Chiffres significatifs
Maternité > L’âge moyen de la première maternité a été de 30 ans en 2010, contre 29,9 ans en 2009.

Sites marchands > 500 sites de e-commerce français ont enregistré plus de 10 000 transactions par mois en 2009 ; 2 900 en ont enregistré entre 1 000 et 10 0000 ; 13 500 entre 100 et 1 000 ; 28 100 entre 10 et 100 ; et 19 100 moins de 10.

Bio > La France comptait à la fin de 2010, 20 600 exploitants agricoles « bio », soit 25 % de plus qu’un an plus tôt !

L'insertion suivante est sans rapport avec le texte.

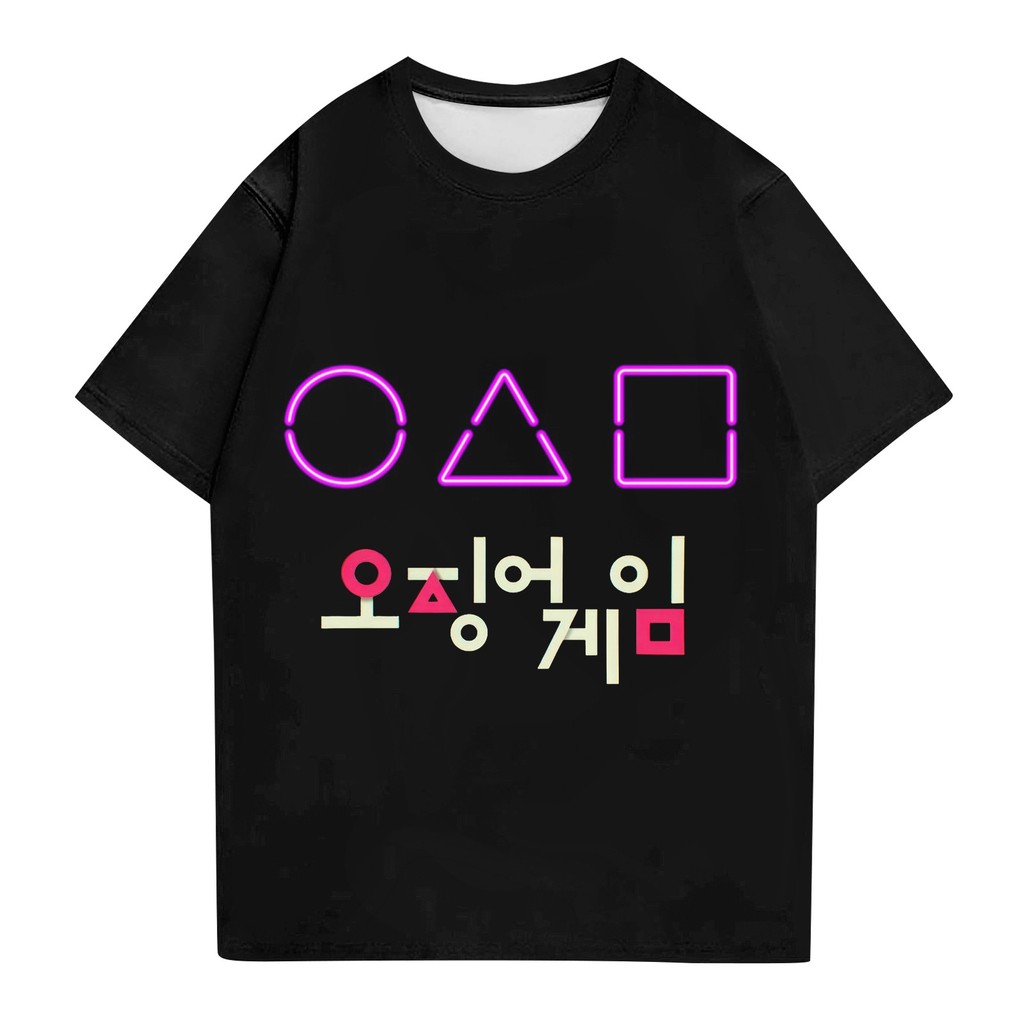 【HOT】Squid Game Costume Squid Game 2 Geometric T-Shirt,พิมพ์ลวดลายเรขาคณิต เสื้อยืดคอตตอน cotton t-s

Espagne > L’Espagne comptait fin janvier 4,2 millions de chômeurs, soit 130 930 de plus que le mois précédent (qui avait marqué un précédent record pour le taux de chômage : 20,3 %, soit le niveau le plus haut depuis 1997)…

Gastro > Ces cinq dernières semaines, 1,13 million de Français ont été touchés par le virus de la gastro-entérite.

Suicide > 17 368 paysans français se sont suicidés en 2009 !

Apprentis > En 2009, la France comptait 331 600 apprentis (hors apprentis de niveau bac ou plus).

Chômage > Au 1er janvier, l’assurance chômage ou l’État indemnisaient 2 559 100 demandeurs d’emploi.

Déficit > Le déficit commercial de la France pour 2010 a atteint le chiffre record de 54,1 milliards d’euros (à comparer aux 126 milliards d’excédent commercial de l’Allema­gne) !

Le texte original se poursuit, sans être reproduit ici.